I hope you are beginning to see that the brightness of the atmosphere is a huge mystery, one that has never been explained by the mainstream. Like the brightness of the Moon, it is another gigantic piece of data that is strongly negative to current theory. Rather than admit that and post it as a question, they hide it. They build big equations to conceal it. They then borrow energy from the vacuum while you aren't looking, creating new photons from nothing. Borrowing from the vacuum isn't only a trick used in symmetry breaking and other esoteric problems. It is used here in Rayleigh scattering, though it is (somewhat) better concealed.

I will show you how to solve this mystery. I think you will be shocked at how simple it is. All we need is my charge field. I have shown that the Earth is recycling charge that it gets from the Sun. Some light and heat comes directly from the Sun, without being recycled through the Earth. But what turns out to be a majority of the charge from the Sun is taken in by the Earth at her poles, recycled through the core, and emitted most heavily near the equator (or 30o N and S, to be more precise). It is the Earth's spin, combined with the spherical shape, that allows for this charge channeling. All bodies channel charge like this, from the electron to the proton to the nucleus to the Moon to the Sun to the Galaxy.

- Since charge is made of real photons, we have a field of photons rising up from the surface of the Earth at all times.

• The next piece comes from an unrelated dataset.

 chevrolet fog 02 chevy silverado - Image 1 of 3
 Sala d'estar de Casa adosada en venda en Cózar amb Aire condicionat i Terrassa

Since these photons are rather small as photons go, and since they peak in the infrared, they get mistaken for heat in many situations, and are given to many other causes. But I have shown they are best understood as charge — the same charge that is represented by the minus sign on the electron. Once we have this field, the gradient of brightness is easy to explain. Since the charge is emitted by the Earth, its density falls off with altitude, by the surface area equation. In other words, we have denser charge nearer the surface. It is this charge field that incoming light is mainly interacting with. Yes, molecules in the atmosphere then rechannel this charge, and charge fields are always denser near matter. But when it gets right down to it, what we have here is another charge interaction. Without rising charge, there is no way to explain the brightness gradient on the Earth.

by Lloyd » Thu Apr 04, 2013 9:43 am

I think by saying some and heat and light come directly from the Sun, Miles means the heat comes as IR light. The part that comes from the Sun I gather would be the part we can see from here coming from the Sun, but only part of that would be entering the polar regions and being recycled through the Earth, mostly out through the equatorial region.